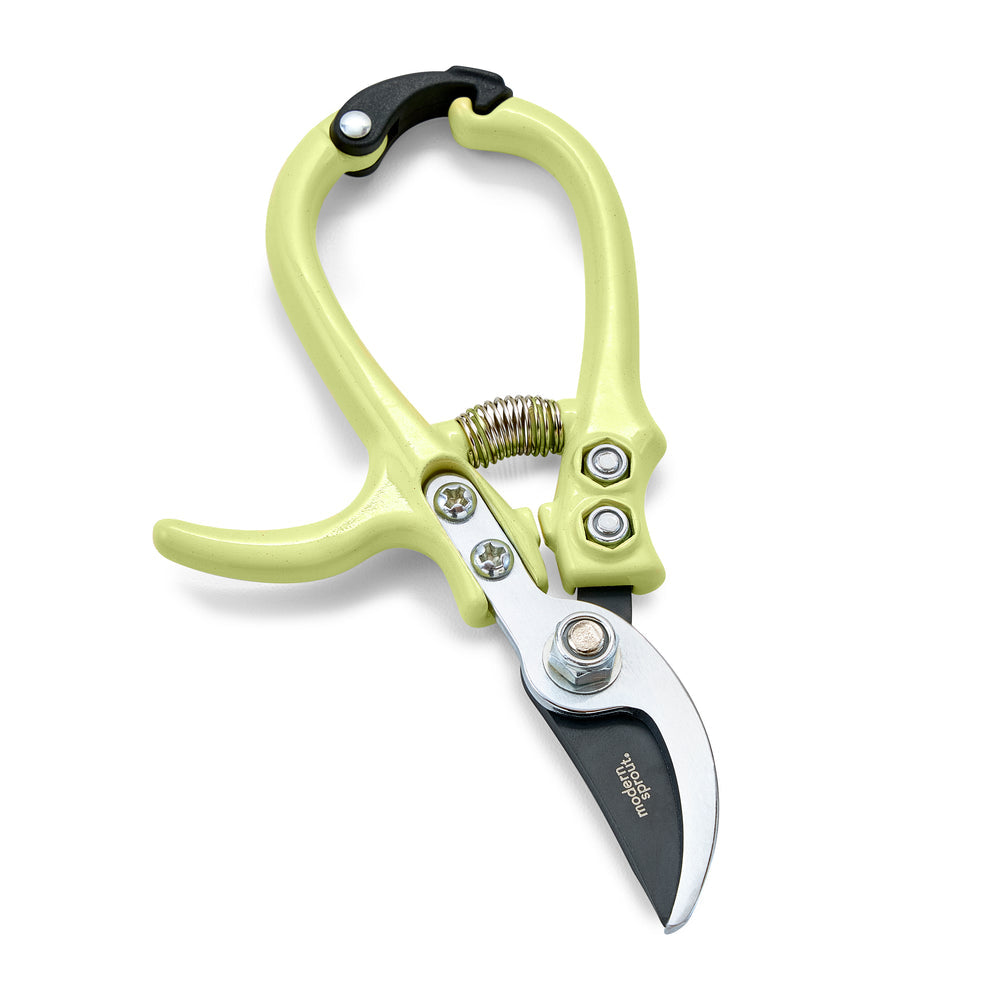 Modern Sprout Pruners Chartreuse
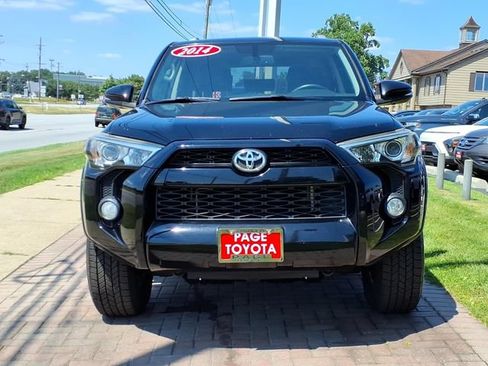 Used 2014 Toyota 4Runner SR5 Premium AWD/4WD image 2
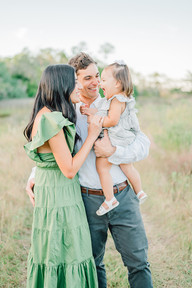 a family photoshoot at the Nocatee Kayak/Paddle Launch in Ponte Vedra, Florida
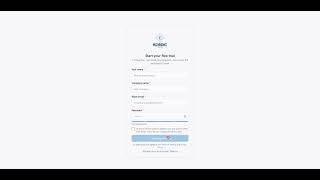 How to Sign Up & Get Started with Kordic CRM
--
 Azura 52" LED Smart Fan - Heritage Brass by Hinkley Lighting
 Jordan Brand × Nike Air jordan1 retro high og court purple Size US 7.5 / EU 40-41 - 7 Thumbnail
* * *
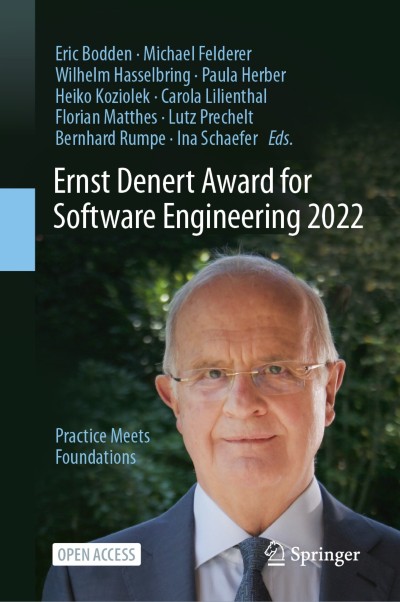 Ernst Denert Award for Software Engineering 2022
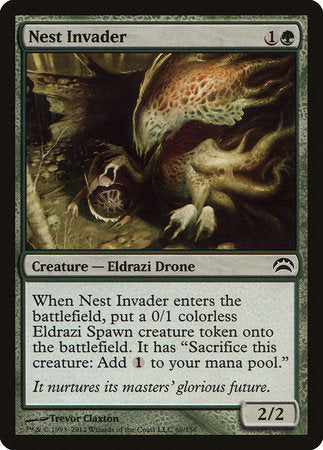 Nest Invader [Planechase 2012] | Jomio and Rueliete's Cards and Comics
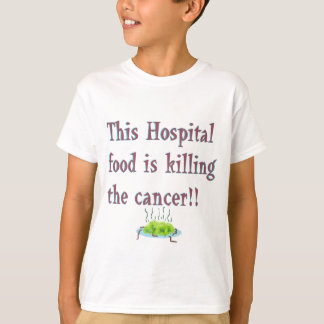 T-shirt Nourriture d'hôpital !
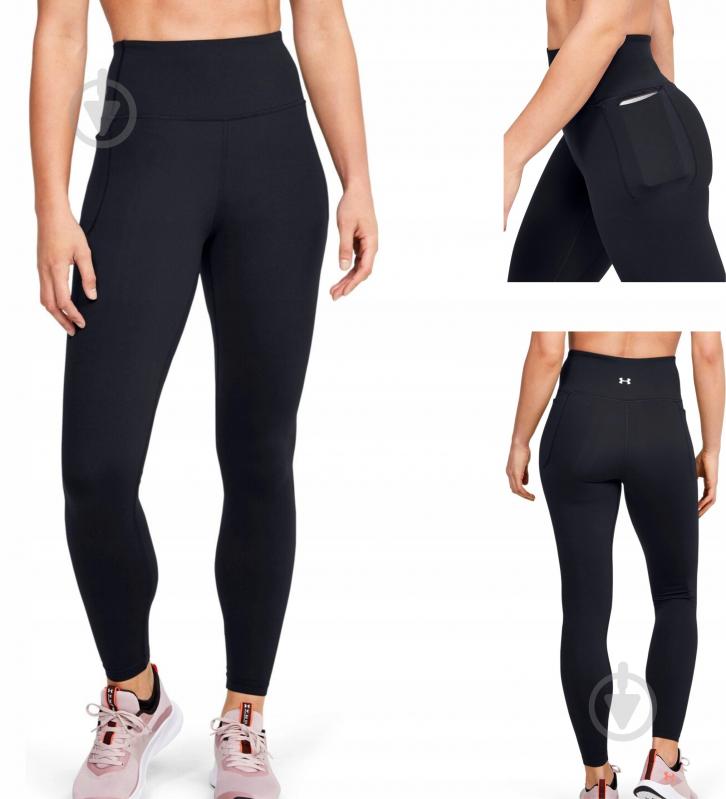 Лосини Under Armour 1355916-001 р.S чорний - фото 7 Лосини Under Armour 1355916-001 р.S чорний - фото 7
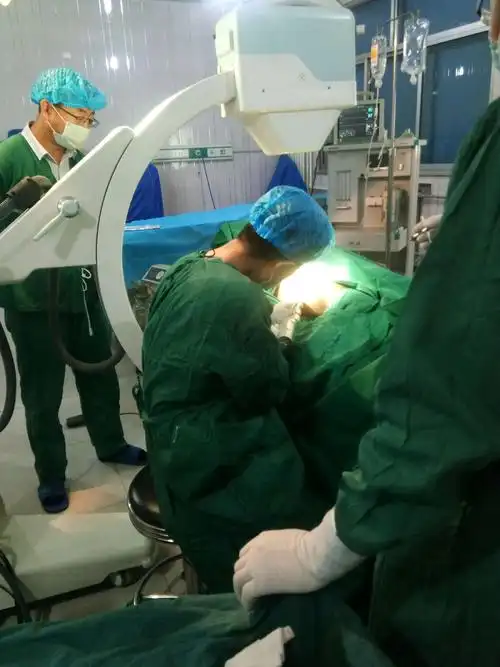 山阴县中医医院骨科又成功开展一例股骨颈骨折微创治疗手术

Try it: Here the job is to copy the stretch of records from the line containing "Modern Sprout Pruners Chartreuse" through the line containing "How to Sign Up & Get Started with Kordic CRM", word for word. Leave every picture out.

Response:
 Modern Sprout Pruners Chartreuse
 Used 2014 Toyota 4Runner SR5 Premium AWD/4WD image 2
 a family photoshoot at the Nocatee Kayak/Paddle Launch in Ponte Vedra, Florida
 How to Sign Up & Get Started with Kordic CRM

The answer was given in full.